SERES: Semantic-aware neural reconstruction from sparse views
This work addresses the challenge of severe radiance ambiguity in sparse-view 3D reconstruction for computer vision applications, representing an incremental improvement over existing methods.
The paper tackles the problem of generating high-fidelity 3D models from sparse images by proposing a semantic-aware neural reconstruction method, resulting in reductions in average chamfer distances by 44% for SparseNeuS and 20% for VolRecon on the DTU dataset.

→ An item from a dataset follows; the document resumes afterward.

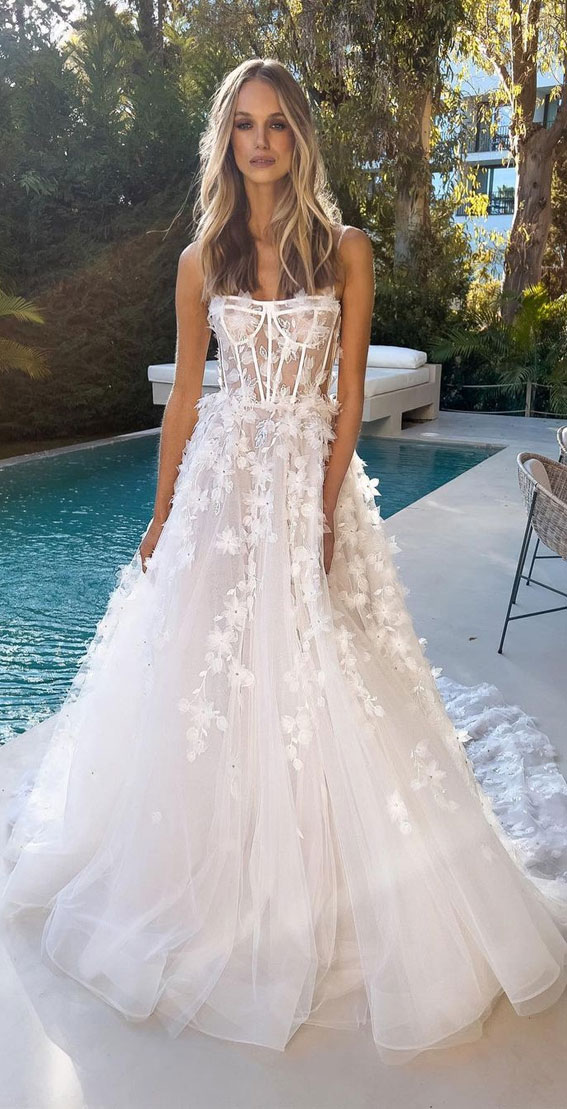 50+ Wedding Dress Trends 2023 : Corset + 3D Floral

We propose a semantic-aware neural reconstruction method to generate 3D high-fidelity models from sparse images. To tackle the challenge of severe radiance ambiguity caused by mismatched features in sparse input, we enrich neural implicit representations by adding patch-based semantic logits that are optimized together with the signed distance field and the radiance field. A novel regularization based on the geometric primitive masks is introduced to mitigate shape ambiguity. The performance of our approach has been verified in experimental evaluation. The average chamfer distances of our reconstruction on the DTU dataset can be reduced by 44% for SparseNeuS and 20% for VolRecon. When working as a plugin for those dense reconstruction baselines such as NeuS and Neuralangelo, the average error on the DTU dataset can be reduced by 69% and 68% respectively.